Isn't that two problems?

It is a single problem that contains two smaller problems, but the actual hard part (a third problem, if you wish) is putting them together. If you limit yourself to solve those two problems independently you won't have a (useful) database.
Off by 1 error is indeed a hard problem.
> Isn't that two problems?

No, that would be regexes.

You can decompose in 2 problems, because well is better, but is in fact one. Can be argued that is only this single problem:

How, in ACID way, store data that will be efficiently look it up later by a unknown number of clients and unknown access patterns, concurrently, without blocking all the participants, in a fast way?

And then add SQL (ouch!)

>> "How do we store data persistently and then efficiently look it up later?"

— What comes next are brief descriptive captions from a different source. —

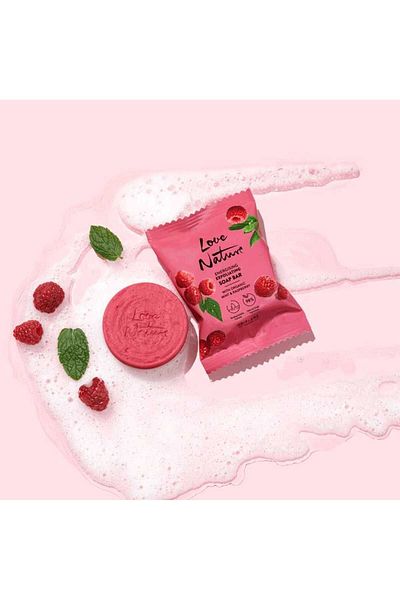 Oriflame Love Nature Organic Mint and Raspberry Extract Hand and Body Soap with Energizing Features 75 g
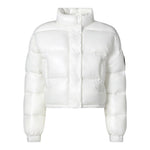Save The Duck Giubbino tinta unita con Zip Bianco per Bambina J31326G BIANCO SAVE THE DUCK 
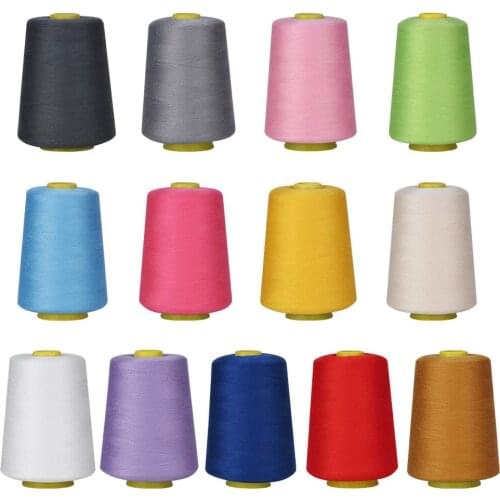 Sewing Thread Huge Spool 4000 Yards for Sewing,Quilting,Serger Machines,Overlock,Merrow and Embroidery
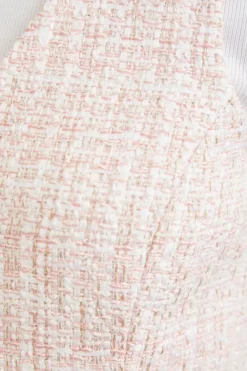 Tweed Button-Front Vest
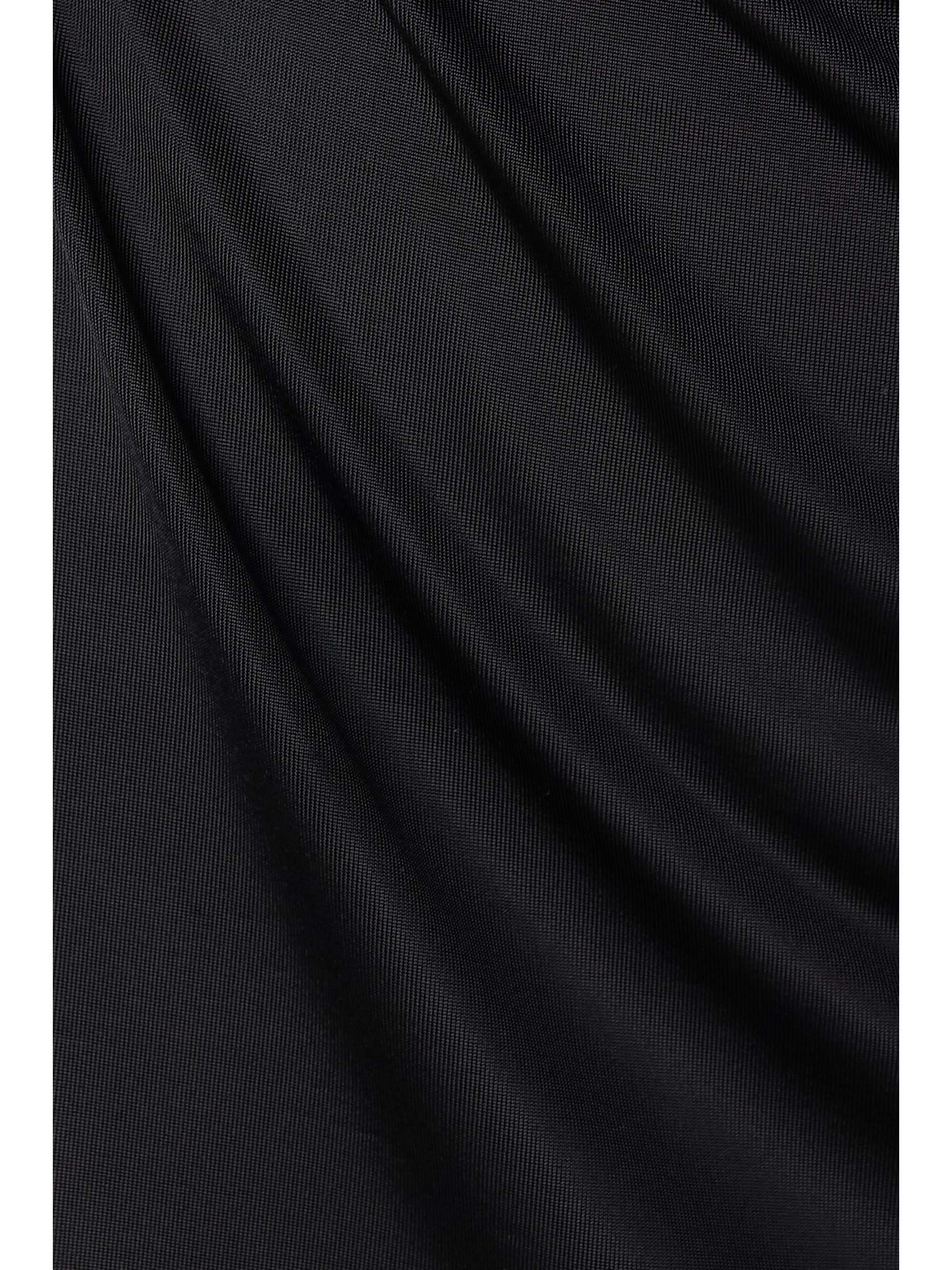 VERSACE Embellished stretch mini wrap skirt
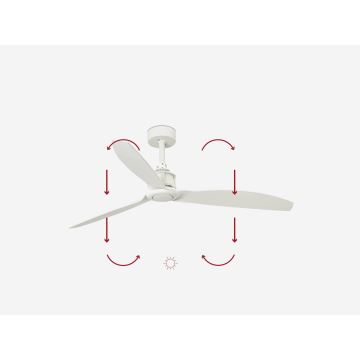 FARO 32101WP - Stropní ventilátor JUST FAN bílá pr. 128 cm + dálkové ovládání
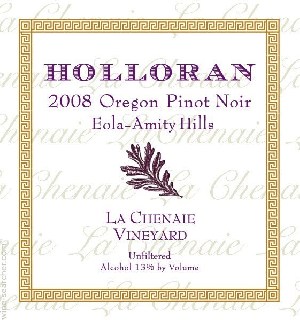 Holloran Pinot Noir La Chenaie 2014 750ml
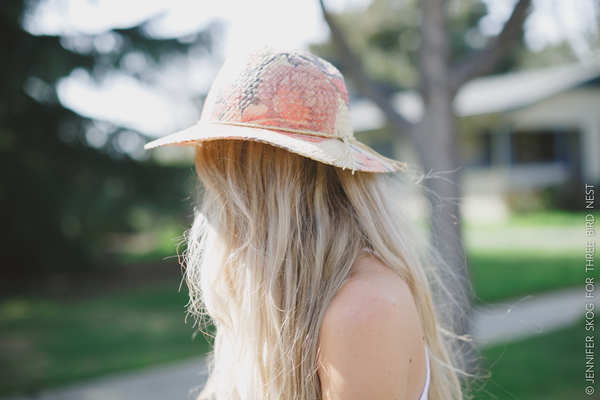 Floral Outback Straw Hat nicE HT HT_Mar_10_01
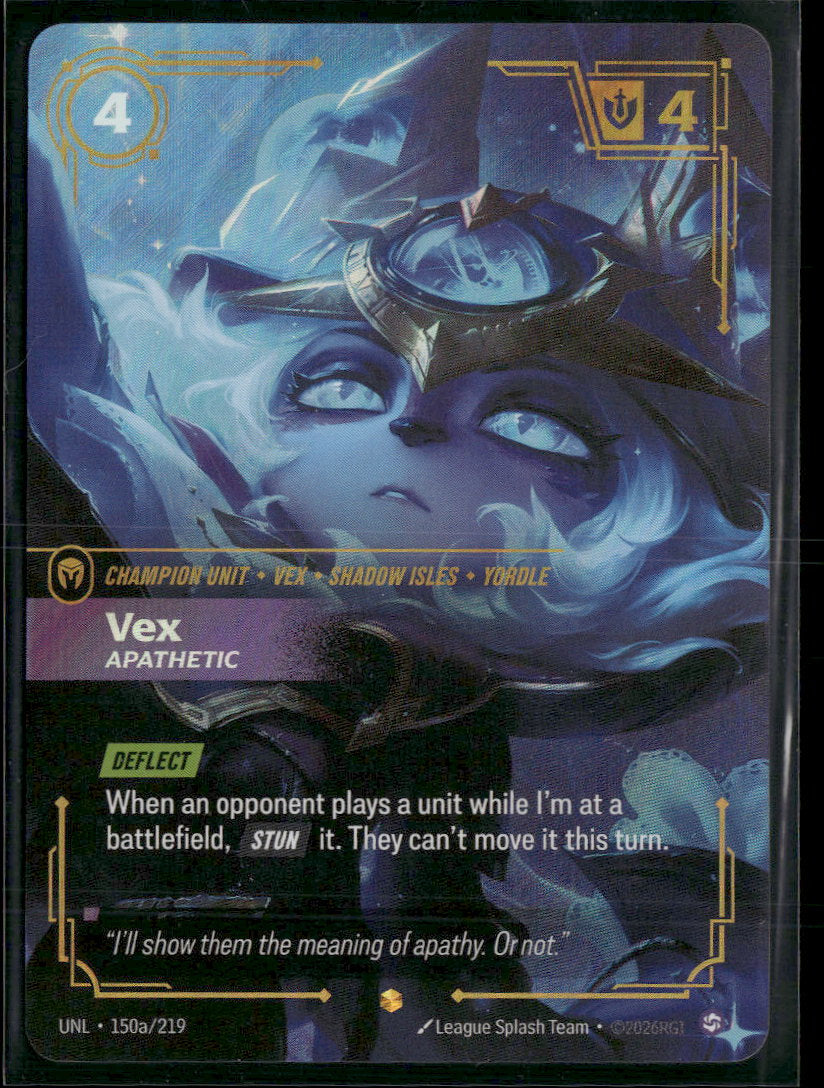 Vex - Apathetic #150a/219 - Riftbound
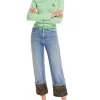 MARC CAIN Green Stipe t-Shirt Long Sleeve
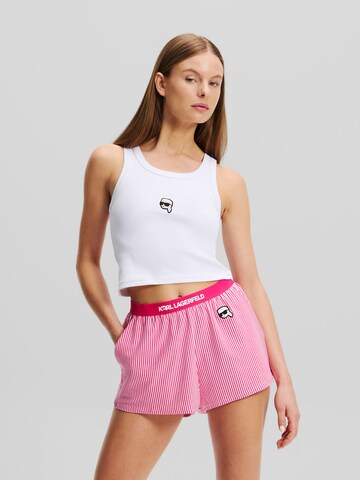 Chemise de nuit Karl Lagerfeld en blanc : devant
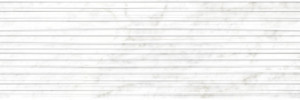 Faianta Kai Bianco Lines 25.5x75.5 cm, white - Img 7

> Isn't that two problems?

Only if you're creating a write-only database, in which case just write it to /dev/null.

Here's a simple key-value store inspired by D.B. Cooper:

  ~/bin/cooper-db-set
  ===================
  #! /bin/bash

  key="$1"
  value="$2"

  echo "${key}:${value}" >> /dev/null


  ~/bin/cooper-db-get
  ===================
  #! /bin/bash

  key="$1"
  </dev/null awk -F: -v key="$key" '$1 == key {result = $2} END {print result}'
/dev/null is persistent across restarts and cache friendly, so it's got you covered.
I love the design and examples in this post. Easy to read for sure.

Exercises like this also seem fun in general. It's a real test of how much you know to start anything from scratch.

I was tempted to knee-jerk dismiss this as "don't write your own database, don't even use a KV database, just use SQL". And then I remembered the only reason I'd say this is because I went through designing my own DB or using KV databases just to avoid SQL...only to realise i was badly reinventing SQL. It could be worth the lesson.
It's very nice, but I think he should expand on why hash tables are fast/constant time lookup. It's a central concept to why the index makes the db fast.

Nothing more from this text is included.